Önce şuradan başlayalım. Görevlilerden rica ediyorum. Yetkililerle görüşün. Bize kesin bir saatle uçağın uçuş saatini bize tam olarak söylesinler. Bunu öğrenmek istemekle ısrarlıyız. Kadın görevli saldırıdan kurtulmanın sevinciyle teşekkür ediyor, bir süre sonra yanıma gelip kulağıma saat dörtte kalkacakmış, uçak arıza yapmış da İstanbul’dan parçası gelecekmiş diyor. Ayni sessizlikle “ hanım efendi diyorum, bu adamlar sizi de aptal yerine koyuyorlar, İstanbul’dan uçak buraya yarım saate geliyor. Altı saatte okyanus ötesi yolculuk tamamlanıyor.

Yolcu sayımız kaç, kaç yolcuyuz… Sayım yapılıyor. Doksan altı yolcu.

“Uçak yüz elli altı kişilik.
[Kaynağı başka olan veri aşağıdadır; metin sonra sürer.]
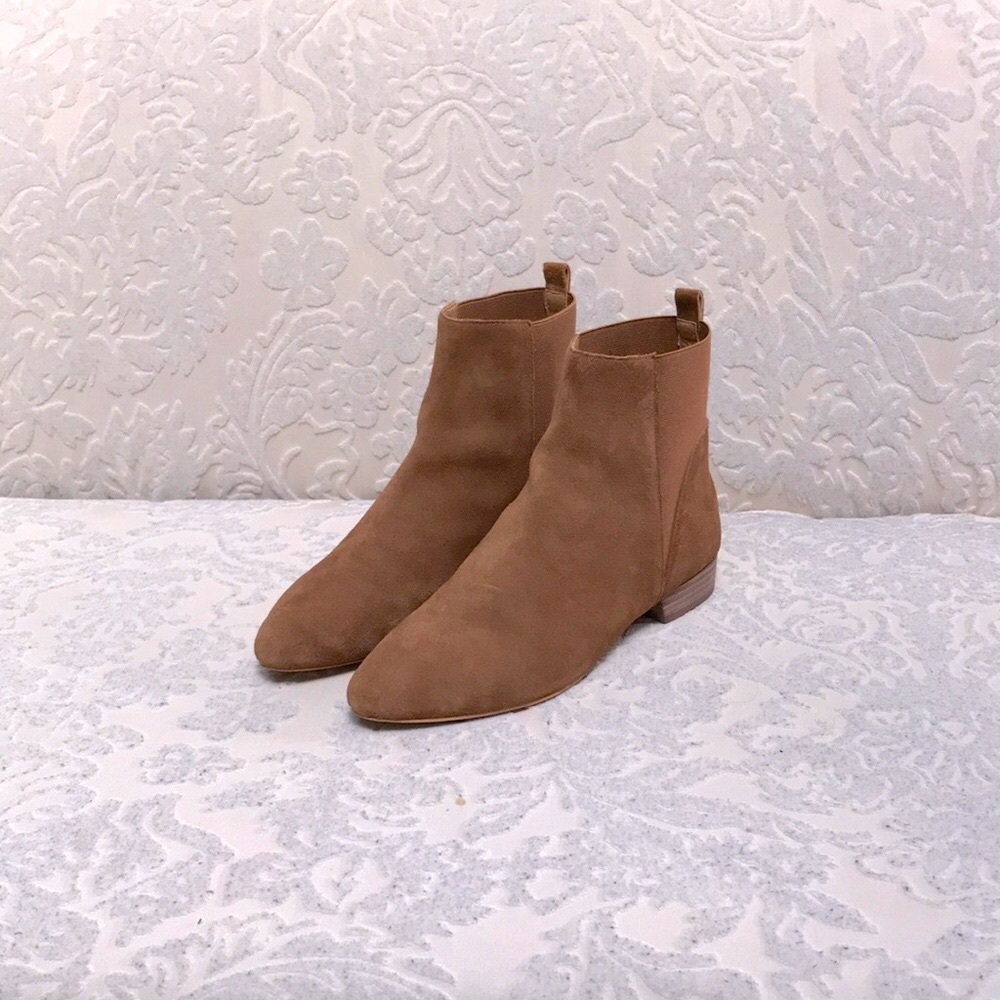 Lucky Brand Tan Genuine Suede Leather Ankle Boots - Women’s 9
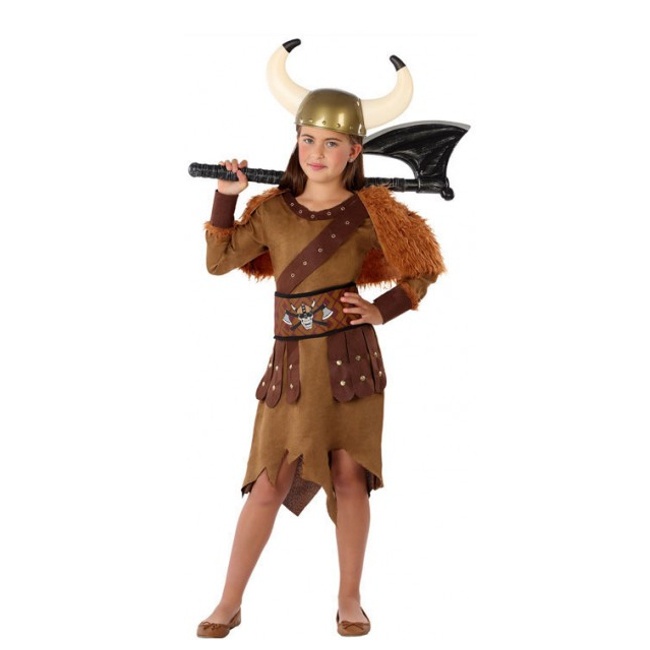 Disfraz de vikingo nórdico marrón para niña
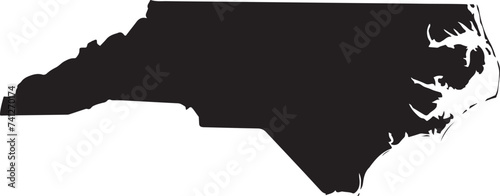 North Carolina map. Blank vector map of the Us State. Borders of North Carolina for your infographic. 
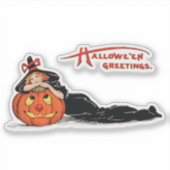 Halloween Hexe, Vintage Abbildung Aufkleber (Vorderseite)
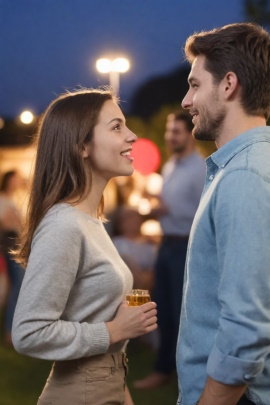 Mann und Frau flirten im Außenbereich einer Party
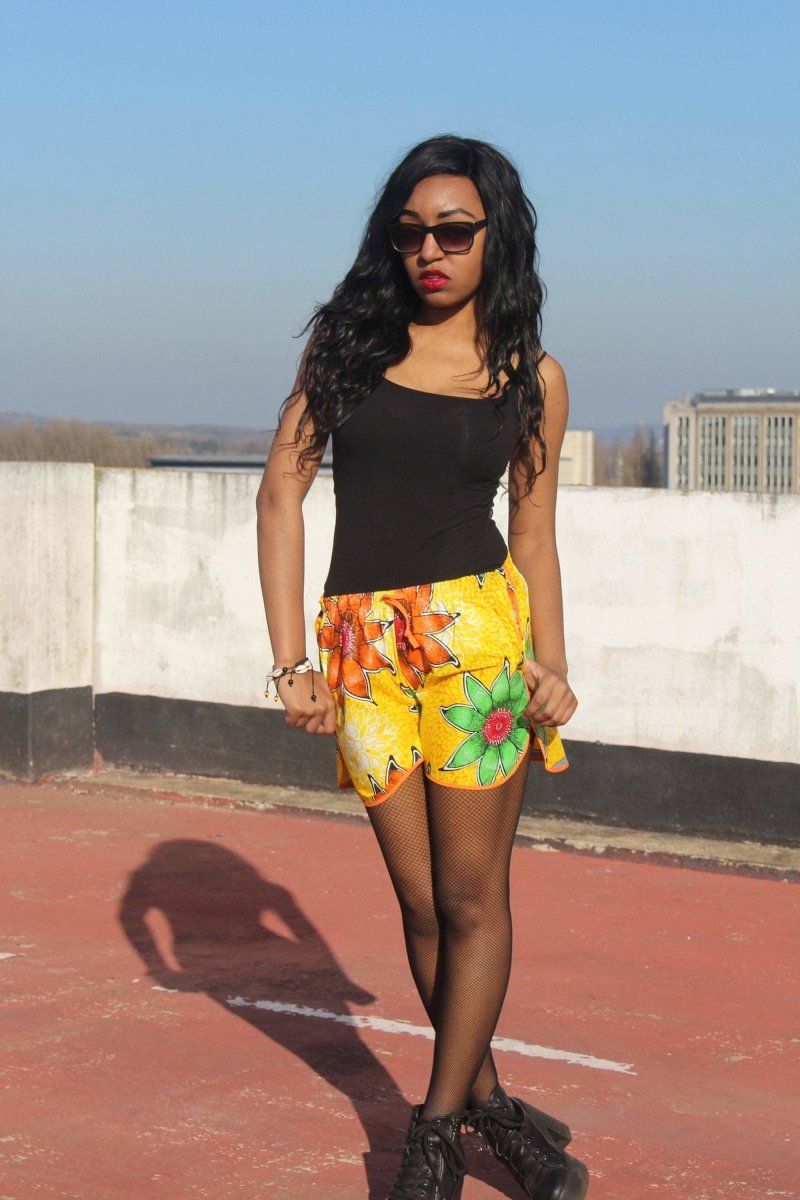 African Print Shorts in Yellow Ankara Print - Festival Shorts - Continent Clothing 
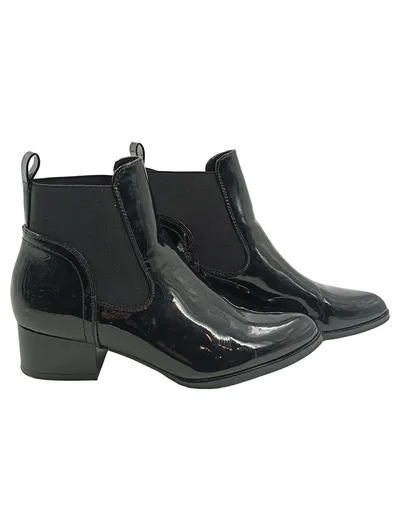 Anna Field Damen Chelsea Boots Stiefelette Lack Schwarz Gr. 39 Elegant
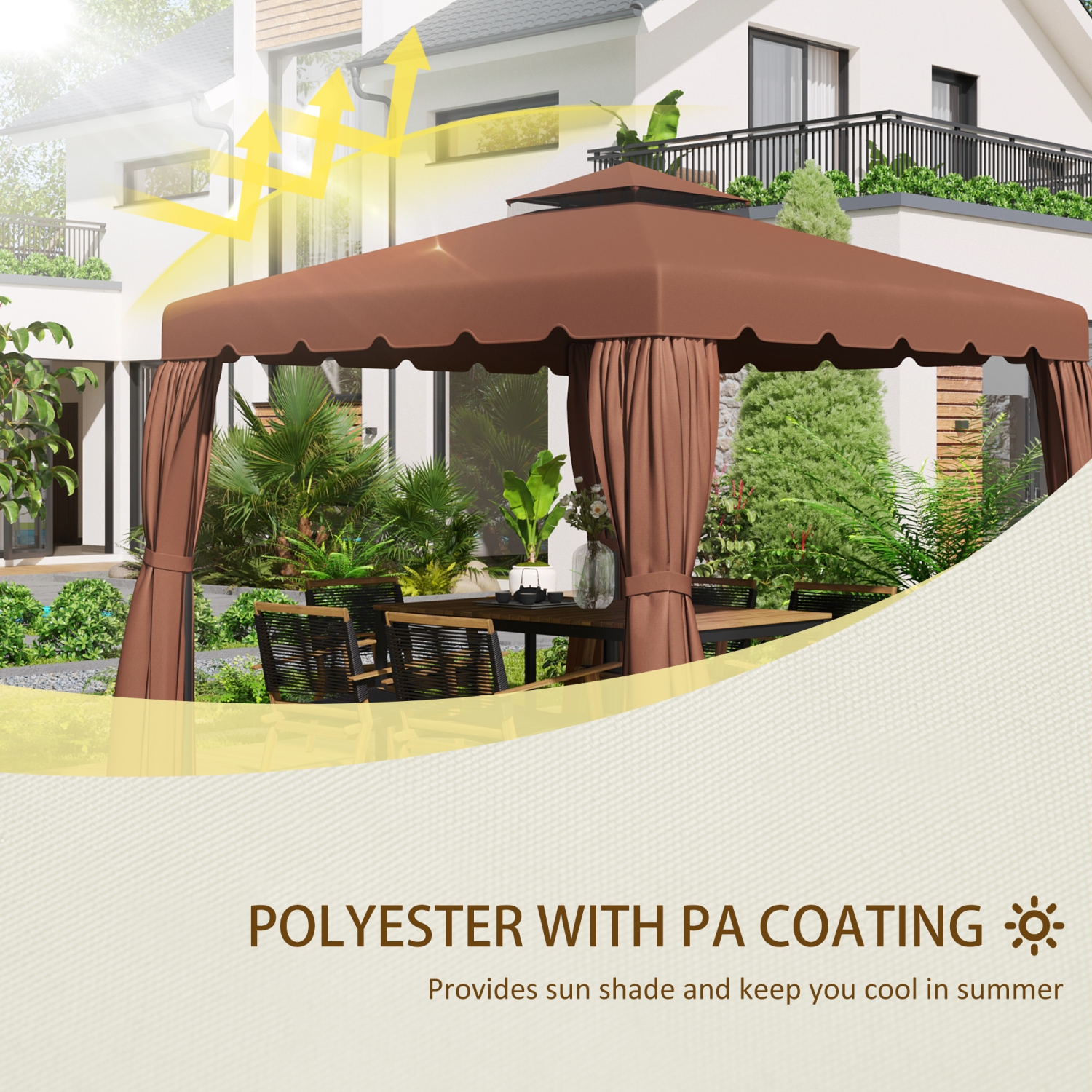 Outsunny 9.8' x 9.8' Gazebo Replacement Canopy, Gazebo Top Cover with Double Vented Roof for Garden Patio Outdoor, Coffee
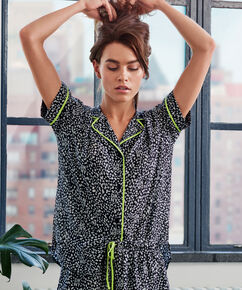 Veste de pyjama tiss&eacute;e HKM x DKNY, Noir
Yani yolcu eksik. Bizi sabaha kadar bekletecekler. Sabah yolcu sayısını tamamlayıp öyle gideceğiz. Yani adamların parası sizin hastanızın sağlığından da, ekmek paranızı kazandığınız işinizden de önemli…

“Peki ama ne yapacağız”

“Önce görevli arkadaşlara hakaret ve küfür edilmeyecek, bu arkadaşlar da bize zorluk çıkarmayacaklar”…

Görevlilere ikram paketlerinin bize teslim edilmesini rica ediyorum. Hiç zorluk çıkarmadan torbayı elime tutuşturuyorlar. Üç kişi bu yiyecekleri dağıtmak için gelsin diyorum. Yiyecekler dağıtılıyor. Aslında imkânsız olduğunu bilen bir muzip “sigara da serbest mi” diyor. “Şu andan itibaren uçak kalkıncaya kadar, yani saat dörde kadar buranın yönetimini biz devraldık. Her şey serbest, yasaklar bitmiştir. Sigaralar keyifle tüttürülmeye başlandı. Sivil kılıklıların hareketi de arttı. Birisi yarı alaycı bir tavırla “ ooo, diyor çok hızlısın”. “Siz de diyorum çok yavaşsınız. Müdahale ederseniz önüne geçemeyeceğiniz olaylar olur, müdürleriniz de bu olaylara sebebiyet verdiğiniz için sizi sürerler, rahatınız kaçar…Yolculardan birkaç kişi sivil kılıklı polislere müdahale edecek oldu, izin vermedim.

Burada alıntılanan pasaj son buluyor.